Data section start

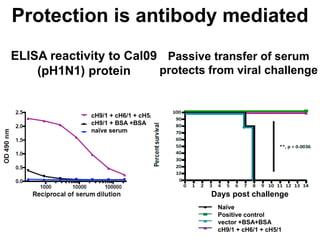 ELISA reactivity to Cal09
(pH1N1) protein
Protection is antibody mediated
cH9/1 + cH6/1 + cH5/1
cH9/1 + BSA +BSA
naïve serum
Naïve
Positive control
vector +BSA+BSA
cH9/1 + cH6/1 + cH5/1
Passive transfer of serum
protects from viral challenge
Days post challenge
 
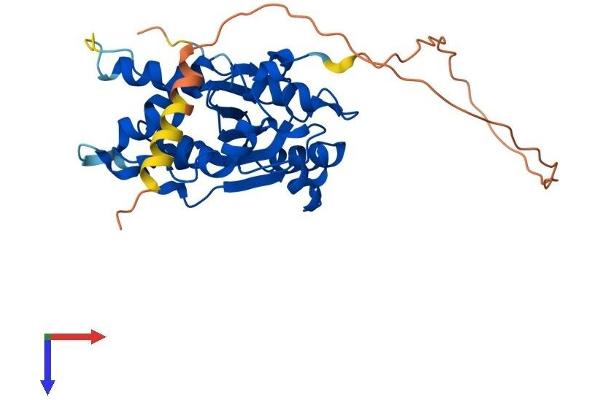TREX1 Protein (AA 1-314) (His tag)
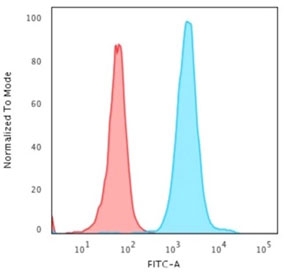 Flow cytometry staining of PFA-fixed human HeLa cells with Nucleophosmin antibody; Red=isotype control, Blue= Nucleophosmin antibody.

Data section end

> **Problem details**
Leave the pictures out and copy the rest of the data exactly.

> **Written response**
 ELISA reactivity to Cal09
(pH1N1) protein
Protection is antibody mediated
cH9/1 + cH6/1 + cH5/1
cH9/1 + BSA +BSA
naïve serum
Naïve
Positive control
vector +BSA+BSA
cH9/1 + cH6/1 + cH5/1
Passive transfer of serum
protects from viral challenge
Days post challenge
 
TREX1 Protein (AA 1-314) (His tag)
 Flow cytometry staining of PFA-fixed human HeLa cells with Nucleophosmin antibody; Red=isotype control, Blue= Nucleophosmin antibody.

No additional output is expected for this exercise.